== PROBLEM DETAILS ==
Set down the data below in full and exactly, minus the pictures.
── DATASET EXCERPT ──
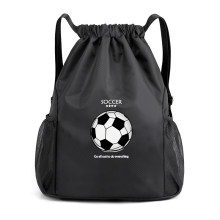 �\�ӳ��K�������ռ{���b����W�����������Ь���p�米��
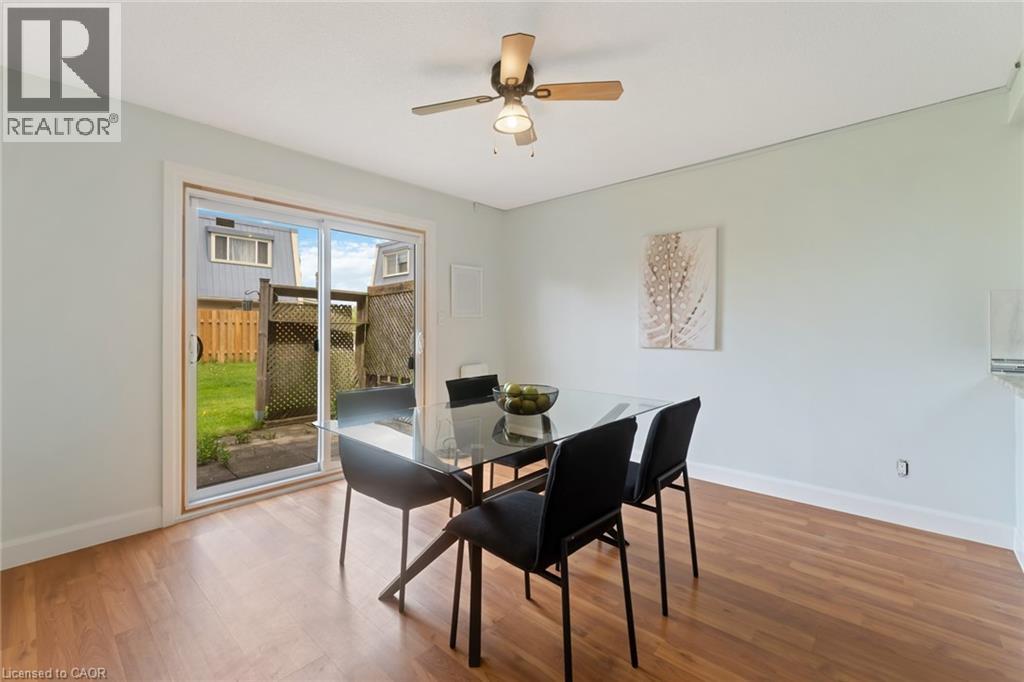 8646 Willoughby Drive Unit# 10, Niagara Falls, Ontario  L2G 6X7 - Photo 16 - 40779788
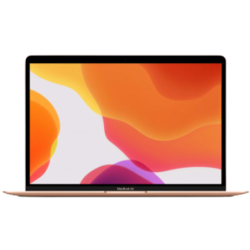 MacBook Air 13 2019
───
== FINISHED EXERCISE ==
 �\�ӳ��K�������ռ{���b����W�����������Ь���p�米��
 8646 Willoughby Drive Unit# 10, Niagara Falls, Ontario  L2G 6X7 - Photo 16 - 40779788
 MacBook Air 13 2019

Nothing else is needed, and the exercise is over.